• Data excerpts:
'''
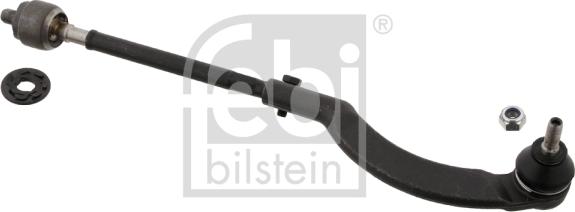 Febi Bilstein 29684 - Напречна кормилна щанга vvparts.bg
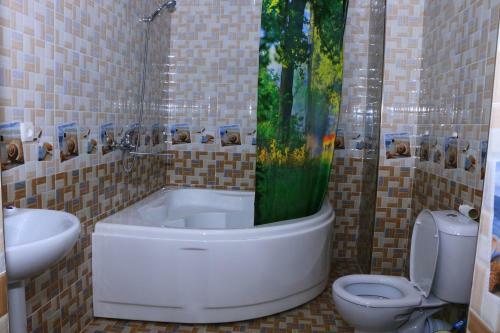 Hostal Luxury Guesthouse
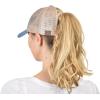 imageCC womens BaseballCriss Cross Multi Pink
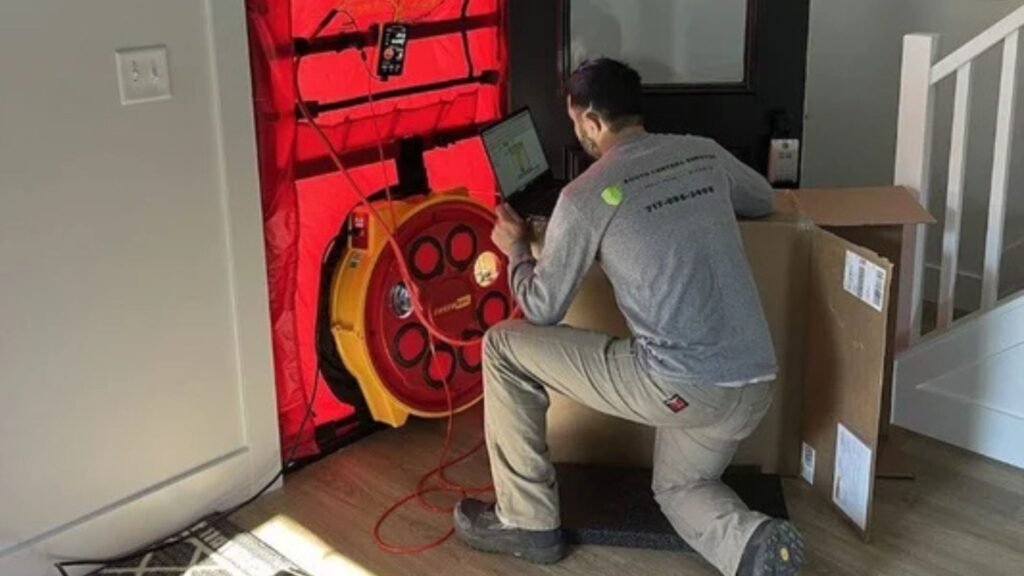 Data-Driven Energy Savings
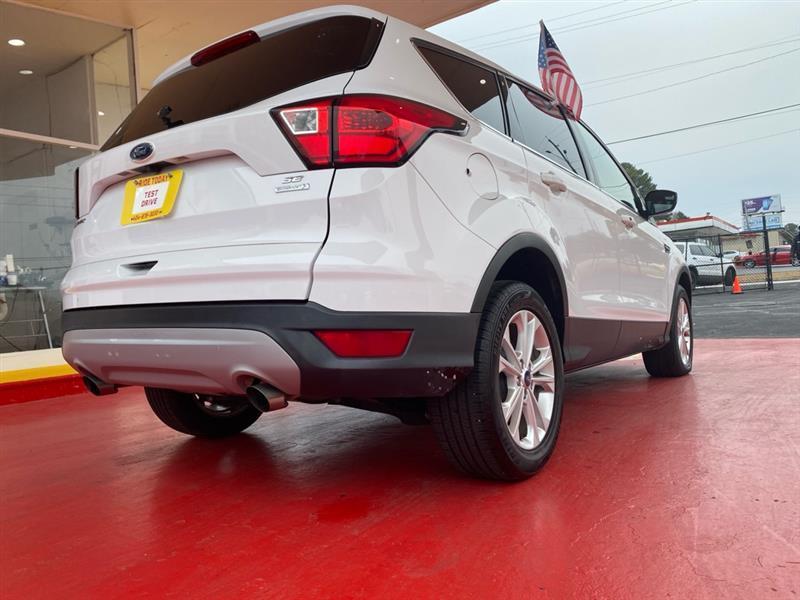 Ford Escape  2019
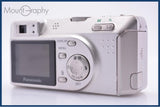【動作保証】 パナソニック Panasonic LUMIX DMC-F1 バッテリー付属 同梱無料 #am7326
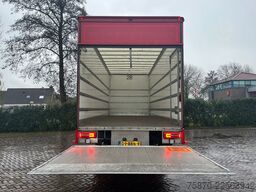 DAF LF 260 FA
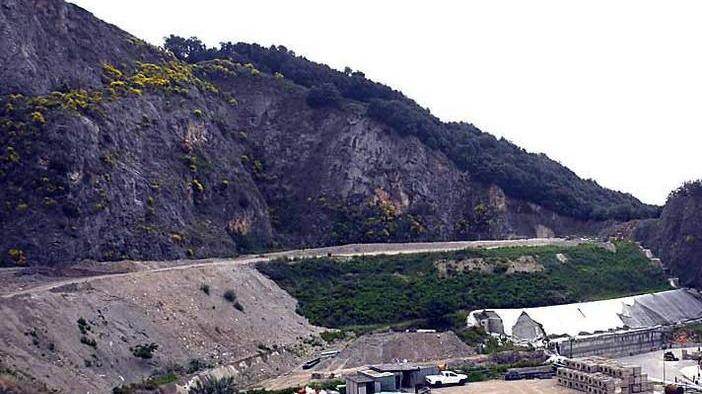 Il Comune contro la Regione «Fa muro su Cava Fornace»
'''
• Exercise goal:
Retype every entry above exactly, leaving out the pictures.

• Exercise result:
 Febi Bilstein 29684 - Напречна кормилна щанга vvparts.bg
 Hostal Luxury Guesthouse
 imageCC womens BaseballCriss Cross Multi Pink
 Data-Driven Energy Savings
 Ford Escape  2019
【動作保証】 パナソニック Panasonic LUMIX DMC-F1 バッテリー付属 同梱無料 #am7326
 DAF LF 260 FA
 Il Comune contro la Regione «Fa muro su Cava Fornace»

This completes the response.